[Problem to work on] Since only part of the material below is wanted, output exactly the lines from the one with "Used Hyundai Sonata" up to and including the one with "7. Winsome Storage Hall Bench with Shelves".

[Supplied material]
Content starts
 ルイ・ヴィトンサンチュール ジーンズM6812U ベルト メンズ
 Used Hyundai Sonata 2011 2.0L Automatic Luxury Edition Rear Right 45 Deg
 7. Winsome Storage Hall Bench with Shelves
Content ends
Content starts
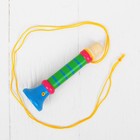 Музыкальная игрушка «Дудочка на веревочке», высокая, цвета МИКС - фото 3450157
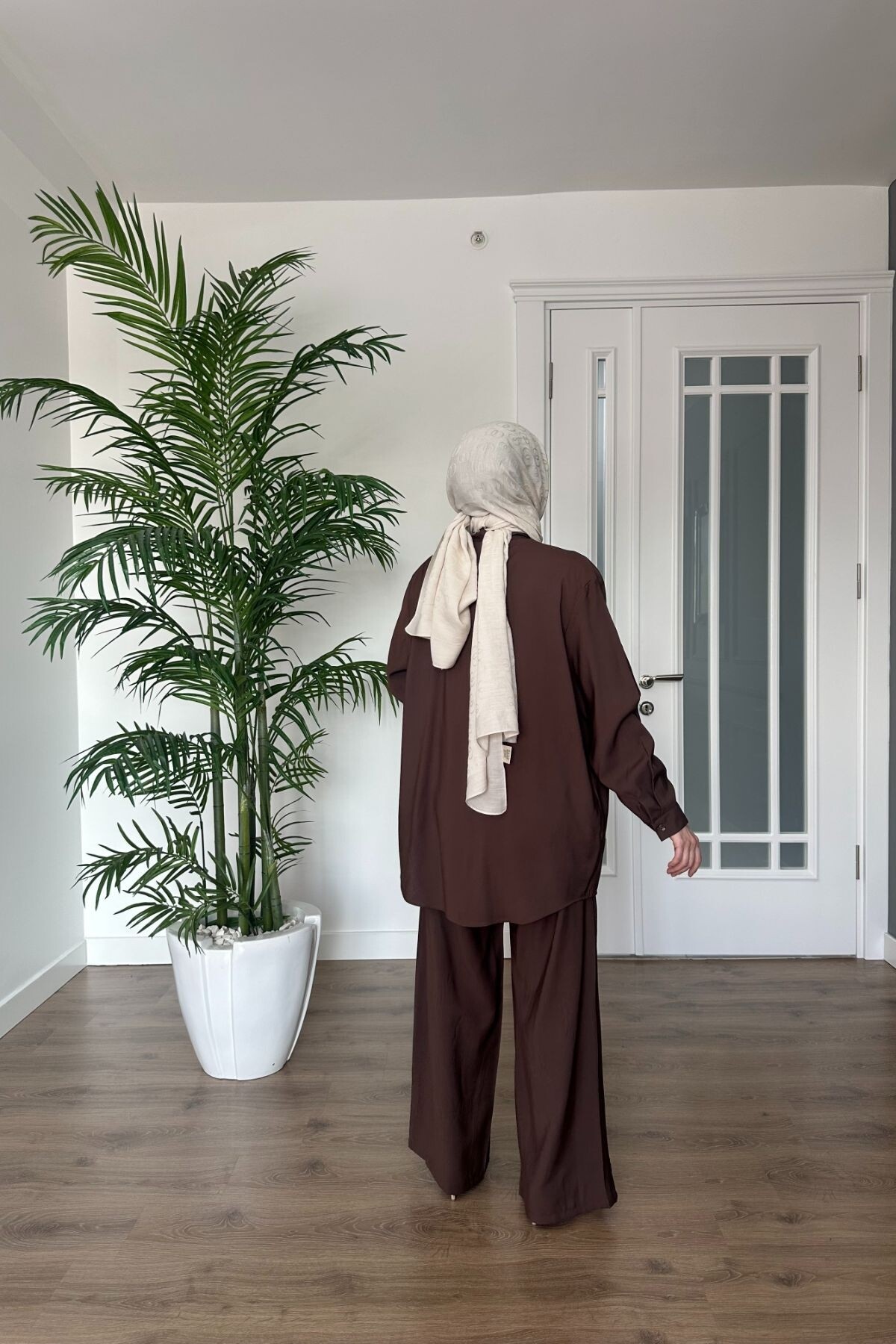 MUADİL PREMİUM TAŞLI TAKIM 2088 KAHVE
Content ends
[Answer area]
 Used Hyundai Sonata 2011 2.0L Automatic Luxury Edition Rear Right 45 Deg
 7. Winsome Storage Hall Bench with Shelves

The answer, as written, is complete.